FIG 2 — Infection of HOS-G and HOS-G/ΔN-IκBα cell lines by coculture with the 729B cell line. HOS-G (A) and HOS-G/ΔN-IκBα (B) cells were cocultured with the mitotically inactivated HTLV-1-producing 729B cell line for 24 h at a cell-to-cell ratio of 5 (729B):1 (HOS-G or HOS-G/ΔN-IκBα). After 24 h, 729B cells in suspension were removed, and the HOS cells were visualized by fluorescence (FL) and bright-field phase-contrast (BF) microscopy at days 2 and 6 postinfection.
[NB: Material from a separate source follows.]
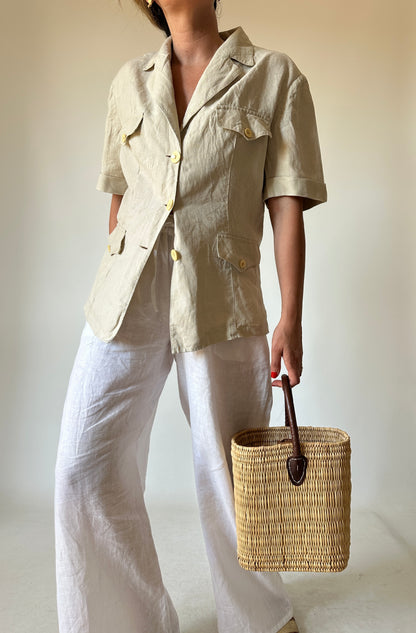 Pure 100% linen sahariana shirt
As HOS-G/ΔN-IκBα cells infected with HTLV-1 seemed able to continue to proliferate, we sought to clone and characterize them in depth. To this end, we sorted GFP-positive cells from HTLV-1-infected HOS-G/ΔN-IκBα cultures into 96-well plates. Individual GFP-positive clones were isolated, expanded, and characterized for HTLV-1 viral antigen expression by immunoblotting. Three HOS-G/ΔN-IκBα/HTLV-1 clones, 1F5, 1F11, and 2C5, were chosen for further analyses. Total cell lysates and culture supernatants were prepared from these clones as described in Materials and Methods. As indicated by immunoblotting, all HOS-G/ΔN-IκBα/HTLV-1 cells were productively infected by HTLV-1 and expressed Rex, Tax, Gag (p19 matrix and p24 capsid), and Env (gp46) (Fig. 3A). HTLV-1 Gag protein appeared as a 55-kDa precursor protein, p55, which was processed into p19 and p24 proteins after virus release. Although p19 and p24 were only weakly detectable in total cell lysates of the productively infected clones 1F5, 1F11, and 2C5 (Fig. 3A, middle), they could be easily detected in the culture supernatants of all clones (Fig. 3A, right), indicating efficient virus budding. We noted that 1F5, 1F11, and 2C5 clones expressed low levels of Env (gp46) compared to control MT2 or 729B cells (Fig. 3A, middle). This may be in part related to the copy number of HTLV-1 DNA in infected HOS cells.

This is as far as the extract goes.